Progress in some areas continues to be slow due to lack of manpower.
2. Status
The present version of the NIMROD code is 2.3.3. It is publicly available from http://nimrod.saic.com/download/home.html. The status of this version of the NIMROD code is as follows:
1. The physics kernel contains the following physical models:
2. The following grids have been implemented:
3. Interfaces with several commonly used equilibrium file formats are available.
The following development projects are underway:
1. Generalization of the finite element representation to include higher order (e.g., quadratic) basis functions;
2. Algorithms to improve code performance in the presence of equilibrium flow are being developed;
3. Calculations on triangular grids are being validated;
4. An algorithm for a vacuum region and a moving separatrix is being implemented;
5. The implementation of kinetic and energetic particle effects by particle pushing using the gyro-kinetic model is continuing;
6. Resistive wall boundary condition is being implemented
The following simulation studies are ongoing:
1. Linear stability studies for the UCLA Electric Tokamak (ET);
2. Nonlinear growth and saturation of the neo-classical tearing mode in D3D;
3. High-b disruption in D3D;
4. Relaxation in spheromaks;
5. Two-fluid effects in RFPs and FRCs;
6. High-S campaign.
3. Highlights
Neoclassical Tearing Modes (NTM)
Numerous neoclassical closures have been implemented and tested in the NIMROD code. They fall into three broad categories: 1) flow and current, where one assumes a Chew-Goldberger-Low form for the stress-tensor and implements a neoclassical form for the pressure anisotropy; 2) flow damping, where electron and ion flows in the poloidal direction are explicitly damped; and 3) perturbed pressure models where an ideal MHD approximation is made to write the poloidal current that appears in the first two models as a function of the pressure gradient. The first model is generally unable to reproduce poloidal flow damping of ions and generates unphysical toroidal angular momentum. Therefore, it has not been tested in the context of perturbed bootstrap currents. The second model successfully reproduces ion poloidal flow damping, but the generation of perturbed bootstrap currents has not been demonstrated and requires more extensive convergence studies. Preliminary results with the second model exhibit significant pressure profile degradation, attributed to insufficient spatial resolution of anisotropic heat flux when the toroidally symmetric part of the magnetic field loses alignment with the grid. The third closure form is used only for bootstrap current generation. A numerical instability has been identified with this form, which requires further investigation.
A mini-workshop on NTMs with scientists from the NIMROD Team, the University of Wisconsin, and from the Princeton Plasma Physics Laboratory was held during the 2000 International Sherwood Fusion Theory Conference.

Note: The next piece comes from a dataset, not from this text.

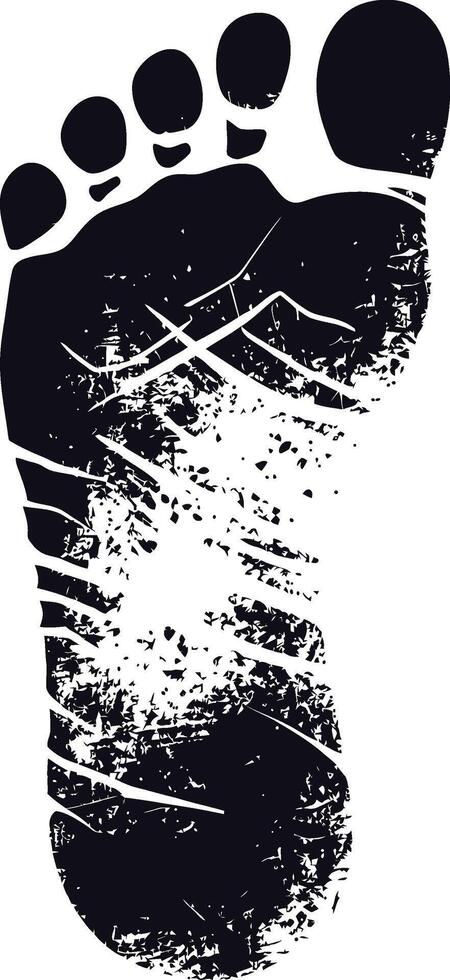 AI generated Silhouette foot print on the ground black color only vector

The issue of which vector projections of the damping force survive flux surface averaging was discussed, providing guidance on the suitability of the different forms of the neoclassical closure. [Tom Gianakon]
Two-fluid Effects
In an effort to better elucidate some of our two-fluid simulation problems, a 1D numerical stability analysis (taking k parallel to B_{0}) was performed on the two fluid algorithm including the semi-implicit operator. Shear Alfvén waves, ion cyclotron waves, whistler waves, and electron cyclotron waves were all considered. The analysis indicates that the algorithm is numerically stable for all of these waves. At large time step, stability for the whistler and electron cyclotron waves is achieved by raising the effective mass of the electrons, essentially following the plasma on the effective electron cyclotron motion time-scale. The resulting effective electron mass may be comparable to the ion mass.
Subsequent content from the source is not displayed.